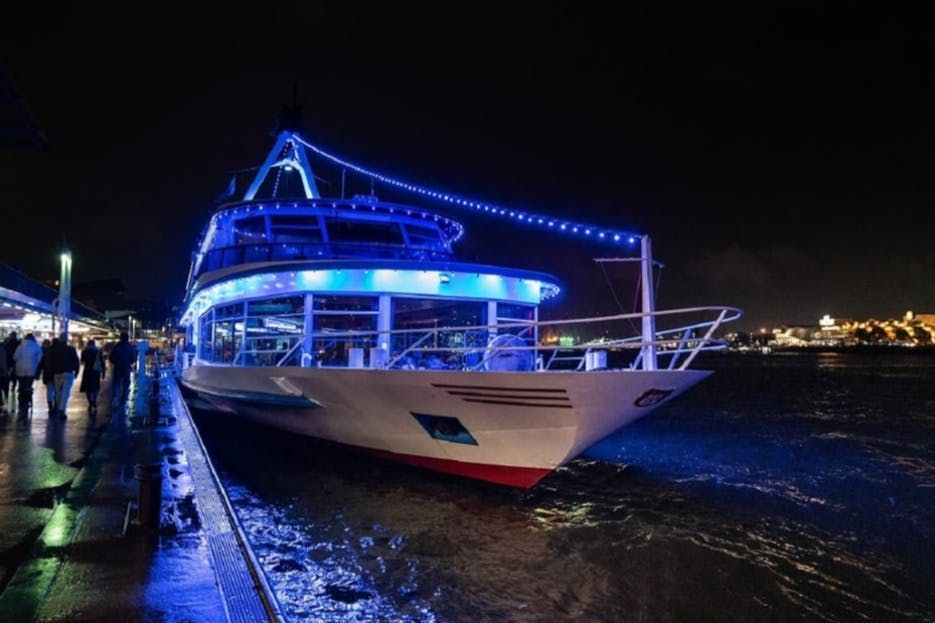 Hamburg: Elbe River Saturday Night Boat Party - Photo 1 of 14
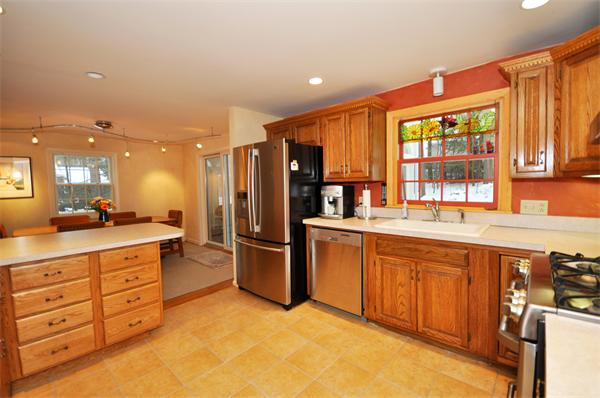 4 Townsend Road Acton, MA 01720 - Photo 7 of 28 Gallery Image 7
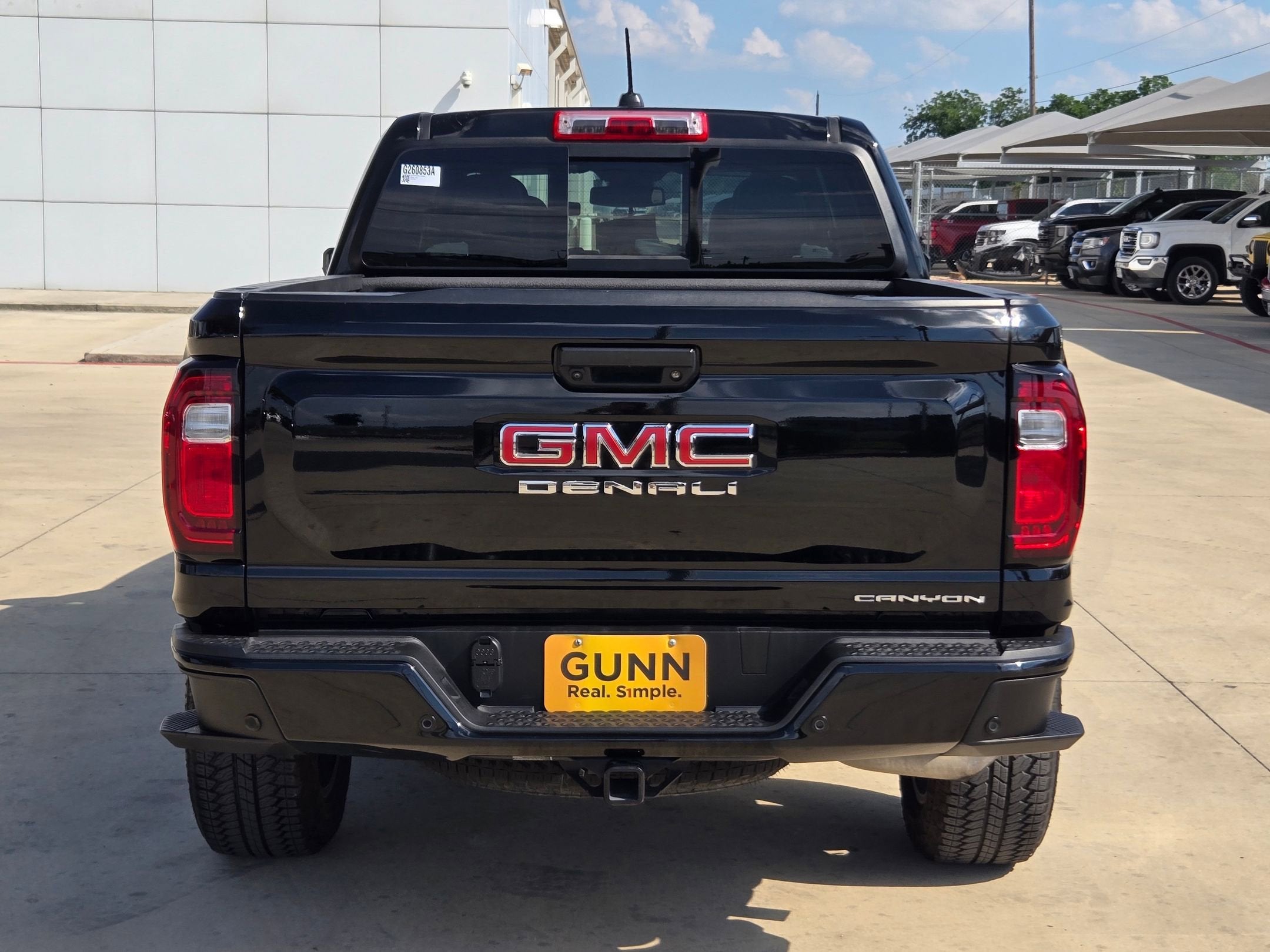 2025 GMC CANYON DENALI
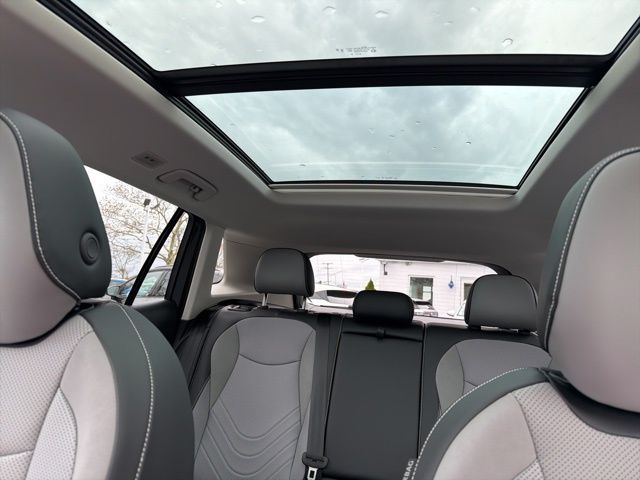 2026 Volkswagen Tiguan SE - Photo 17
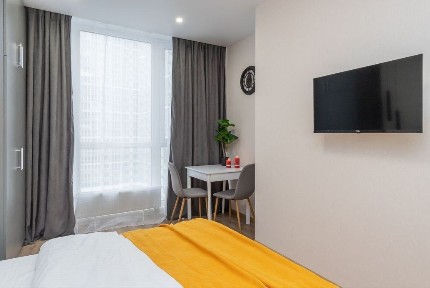 Без КОМИССИИ РИЄЛТОРУ! Вишняковская 4, 5 эт, Харьковская, Позняки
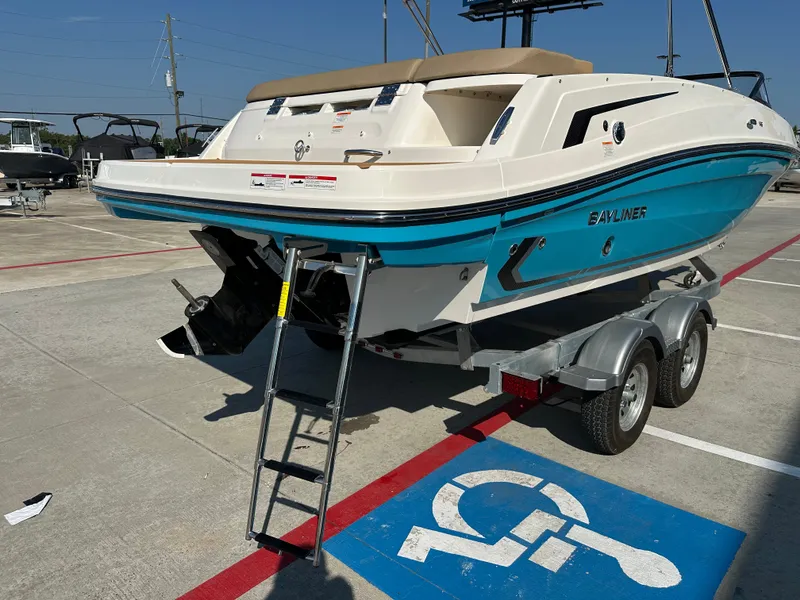 Slide: The Image of Bayliner VR6 2025 - 7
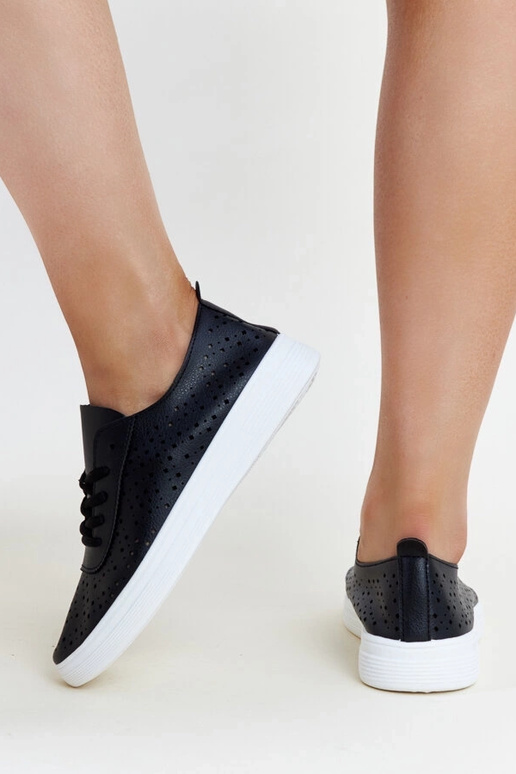 Mustad ažuursed Manoeki tossud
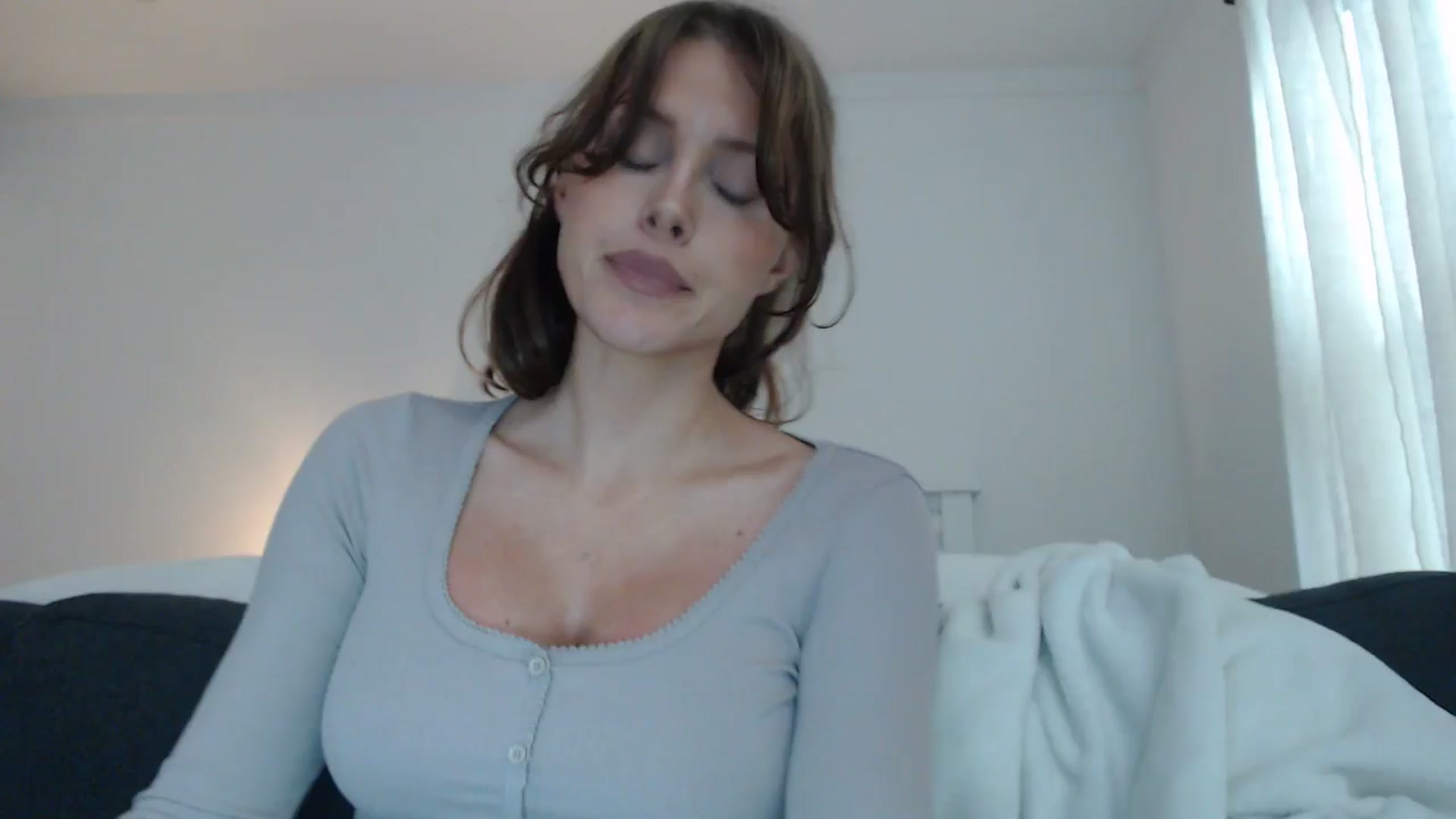 Gallery image thumbnail from Summerr_Rose's myfreecams stream on, 10/06/2025, 21:40 image 1 of 20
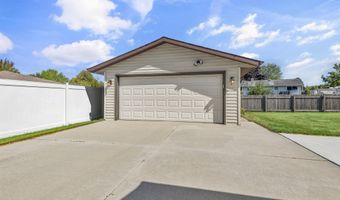 1724 SCHAEFER Cir, Appleton, WI 54915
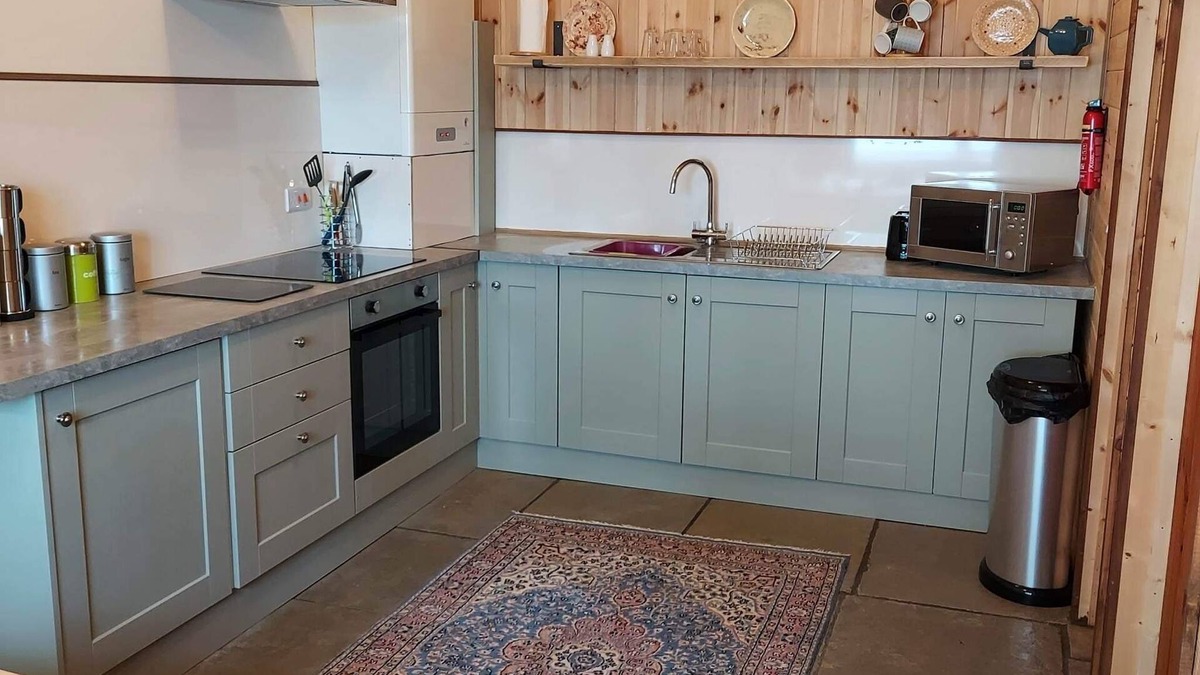 Westbrook Court Cabin | Spacious self catering accommodation near HayOnWye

_ _ _ _ _

Please print exactly the lines from the line containing "Mustad ažuursed Manoeki tossud" through the end of the records above, both included, leaving out every picture.

 Mustad ažuursed Manoeki tossud
 Gallery image thumbnail from Summerr_Rose's myfreecams stream on, 10/06/2025, 21:40 image 1 of 20
 1724 SCHAEFER Cir, Appleton, WI 54915
 Westbrook Court Cabin | Spacious self catering accommodation near HayOnWye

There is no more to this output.